◆ **Problem requirements**
When you reach the line containing "Pronájem bytu 1+kk, Praha", begin reproducing the lines exactly and continue through the end of the listing, leaving out the pictures.

◆ **Dataset content**
================

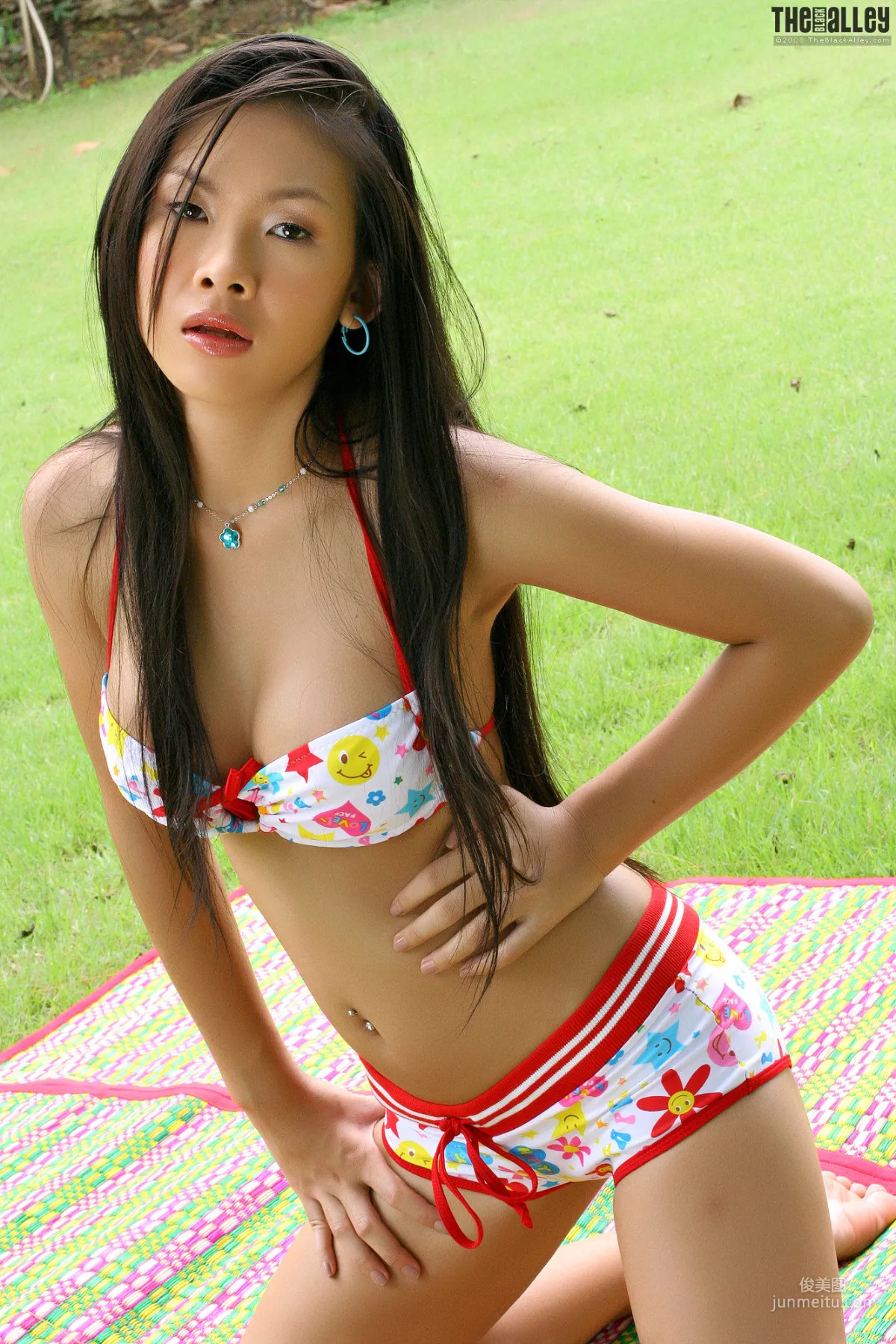 Jang Jie Ling《粉色泳裝外拍》 [The Black Alley] 寫真集 5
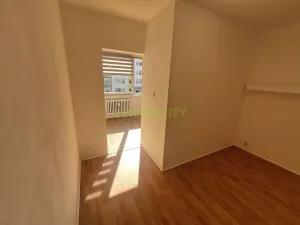Pronájem bytu 1+kk, Praha - Modřany, Rodopská, 30 m2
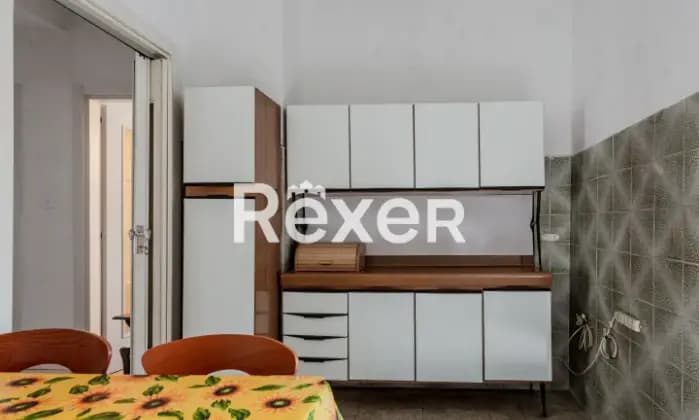 Rexer-San-Donato-Milanese-San-Donato-Milanese-Appartamento-mq-con-due-cantine-e-posto-auto-condominiale-CameraDaLetto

================

◆ **Written answer**
Pronájem bytu 1+kk, Praha - Modřany, Rodopská, 30 m2
 Rexer-San-Donato-Milanese-San-Donato-Milanese-Appartamento-mq-con-due-cantine-e-posto-auto-condominiale-CameraDaLetto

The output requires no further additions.